═════ Given data ═════
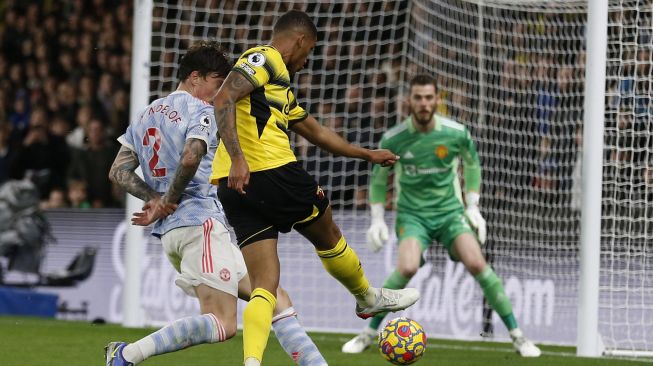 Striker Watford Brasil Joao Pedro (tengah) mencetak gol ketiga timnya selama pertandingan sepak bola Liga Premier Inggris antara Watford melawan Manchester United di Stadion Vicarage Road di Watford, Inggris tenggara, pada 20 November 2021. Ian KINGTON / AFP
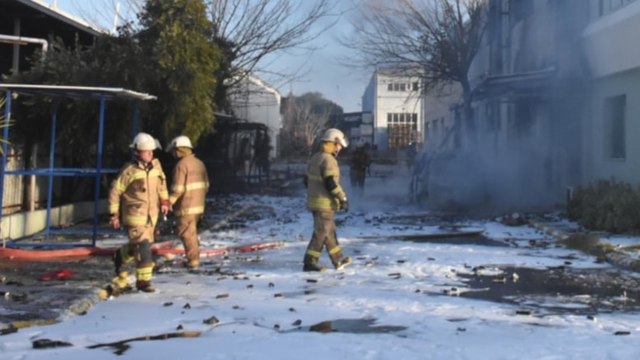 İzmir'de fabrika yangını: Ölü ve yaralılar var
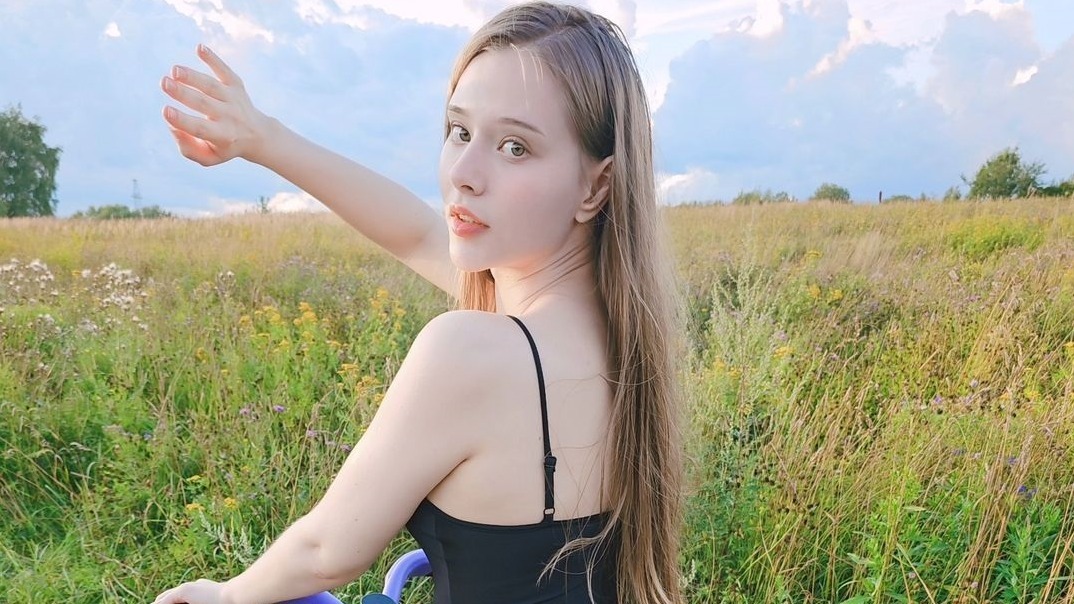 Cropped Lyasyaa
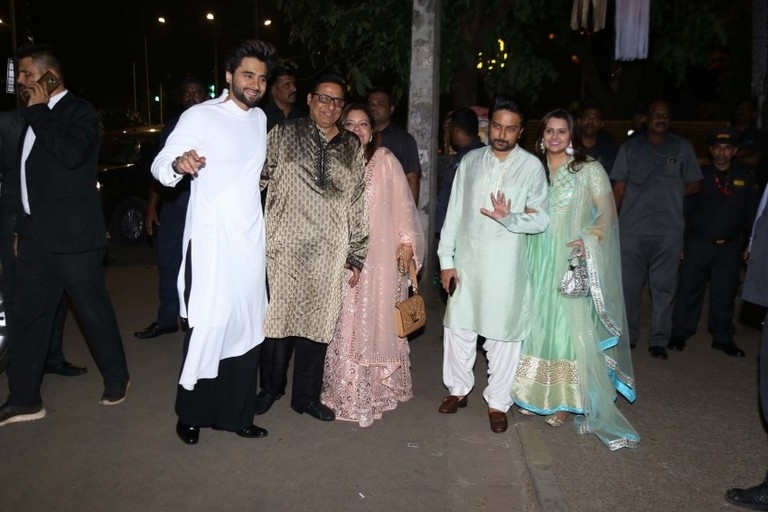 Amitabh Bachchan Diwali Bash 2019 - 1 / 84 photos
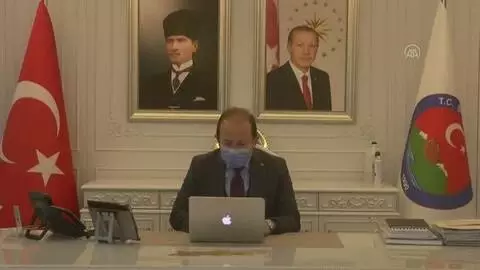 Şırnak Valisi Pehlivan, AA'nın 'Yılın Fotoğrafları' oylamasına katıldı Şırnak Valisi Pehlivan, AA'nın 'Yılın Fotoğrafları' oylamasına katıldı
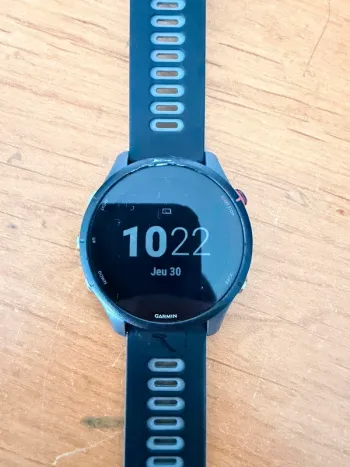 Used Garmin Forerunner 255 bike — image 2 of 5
═════
• _Your instructions_:
Print exactly, and print only, the lines from the line with "İzmir'de fabrika yangını: Ölü" through the last line of the entries, both ends included. No pictures belong in the result.

• _Response to this exercise_:
 İzmir'de fabrika yangını: Ölü ve yaralılar var
 Cropped Lyasyaa
 Amitabh Bachchan Diwali Bash 2019 - 1 / 84 photos
 Şırnak Valisi Pehlivan, AA'nın 'Yılın Fotoğrafları' oylamasına katıldı Şırnak Valisi Pehlivan, AA'nın 'Yılın Fotoğrafları' oylamasına katıldı
 Used Garmin Forerunner 255 bike — image 2 of 5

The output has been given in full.